Solving the Sun’s Heating Problem

  • Kenneth R. Lang
Part of the Astronomy and Astrophysics Library book series (AAL)

Overview

Instead of growing colder at higher regions of its atmosphere, the Sun becomes unexpectedly hotter, soaring to a temperature of millions of degrees Kelvin in the low corona just above the photosphere at 5,780 degrees Kelvin. Heat should not emanate from a cold object to a hotter one anymore than water should flow up hill. The first plausible explanations for this heating paradox were in terms of either sound waves or magnetic waves, generated by motions in the turbulent convective zone. Spacecraft measurements in 1978, however, showed that although the lower chromosphere is probably heated by the dissipation of sound waves, there is not enough energy left over to heat the overlying corona by any substantial amount. Magnetic waves were also detected long ago, moving in the solar wind, but they seemed to travel through the corona without depositing significant amounts of energy into it.
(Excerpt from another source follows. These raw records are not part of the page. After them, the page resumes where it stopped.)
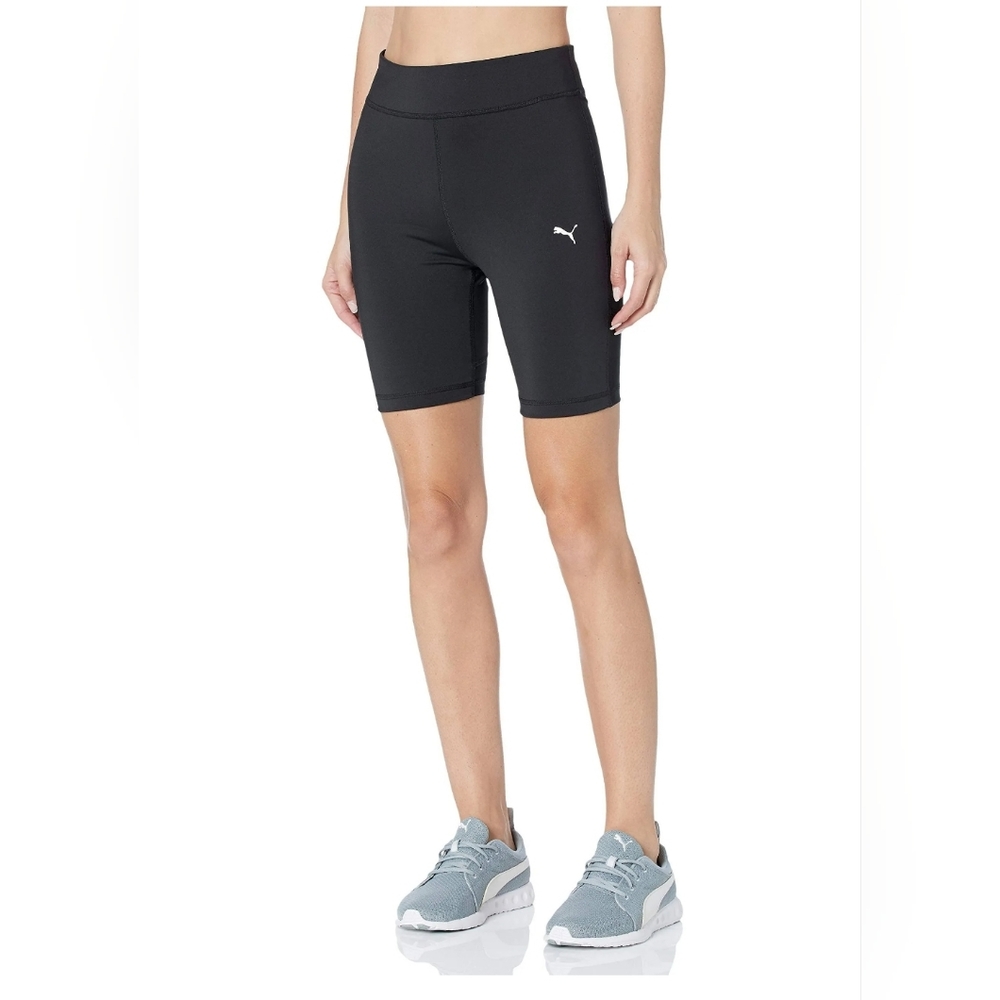 π£ Puma black biker shorts NWT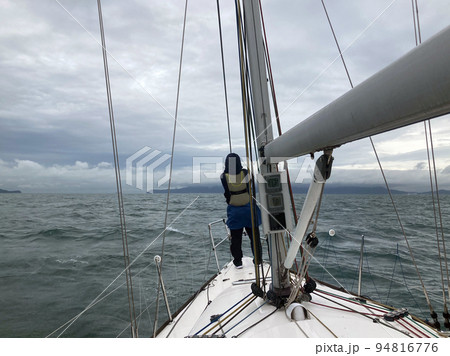 小雨降る中、機走中（大阪湾） 94816776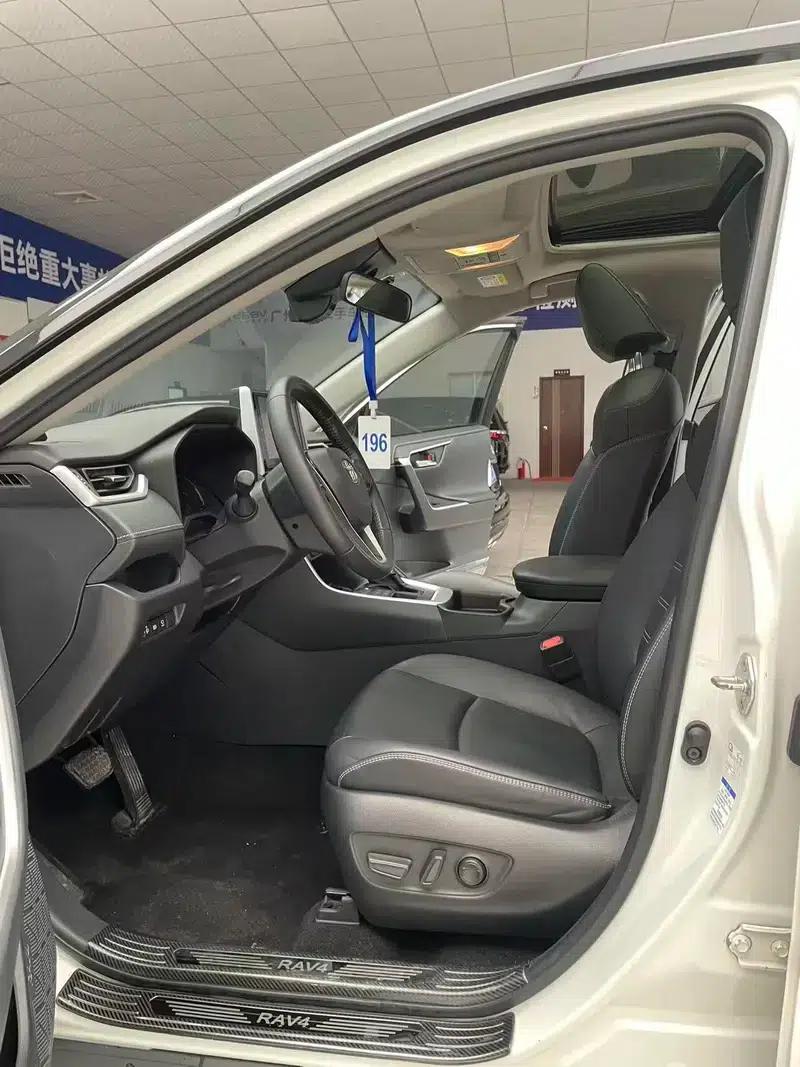 2021 RAV4 2.0L CVT 4WD Fashion Plus Edition — миниатюра 10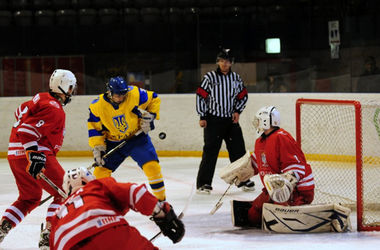 Сборная Украины одержала третью победу на чемпионат мира по хоккею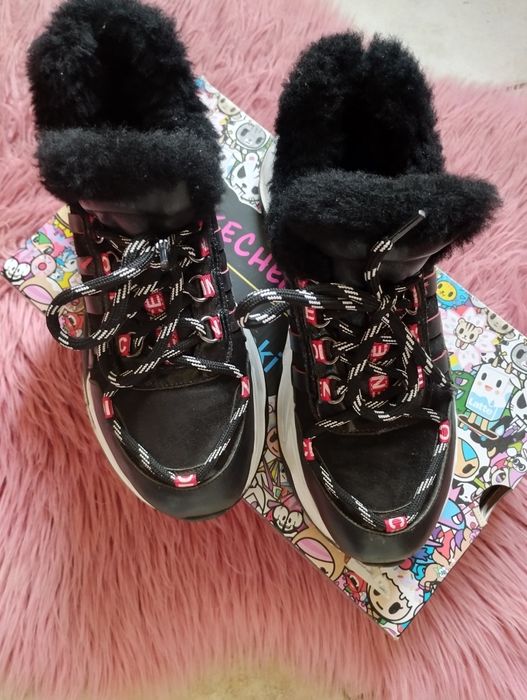 Сникърси от естествена кожа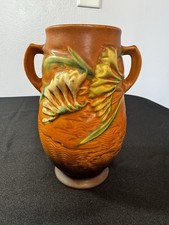 Roseville Freesia Two-Handled Vase 7.5 inch (Pattern 119-7), Tangerine Brown — listing 5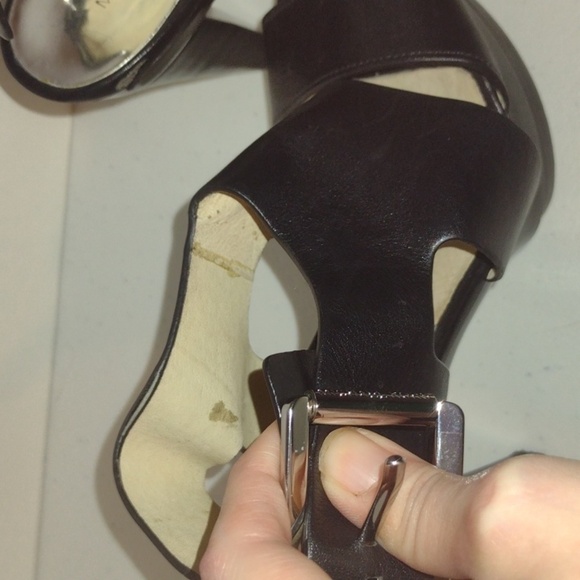 Michael Kors black platform heels size 6 - Picture 12 of 16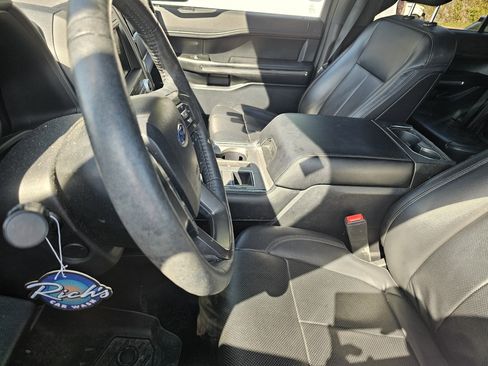 Used 2020 Ford Expedition XLT w/ Equipment Group 202A image 13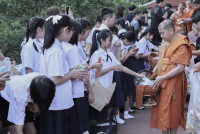 พิธีทำบุญตักบาตรเพื่อถวายเป็นพระราชกุศล สมเด็จพระนางเจ้าสิริกิติ์ 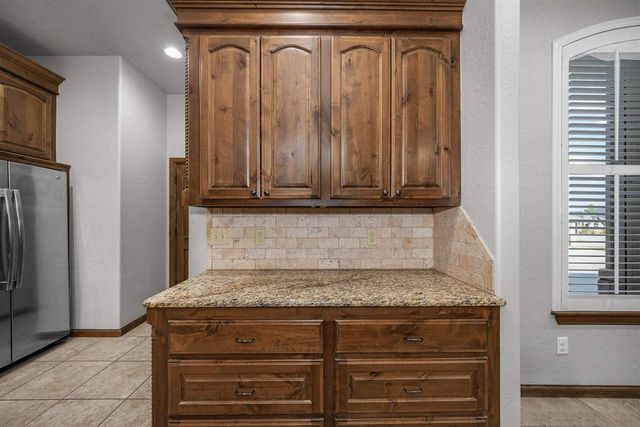 616 NW Brookehaven Pathway, Lawton, OK 73505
Coronal heating is usually greatest where the magnetic fields are strongest. The Skylab, Yohkoh and SOHO spacecraft have demonstrated that the hottest, densest material in the low corona, with the most intense X-ray and extreme ultraviolet emission, is concentrated within thin, long and strongly magnetized loops located in solar active regions. Studies of loop physical parameters suggest that they are energized by stressed magnetism.

Most of the material we can see in the transition region, between the chromosphere and corona, is falling down into the Sun instead of moving out into the overlying corona, further complicating the heating problem.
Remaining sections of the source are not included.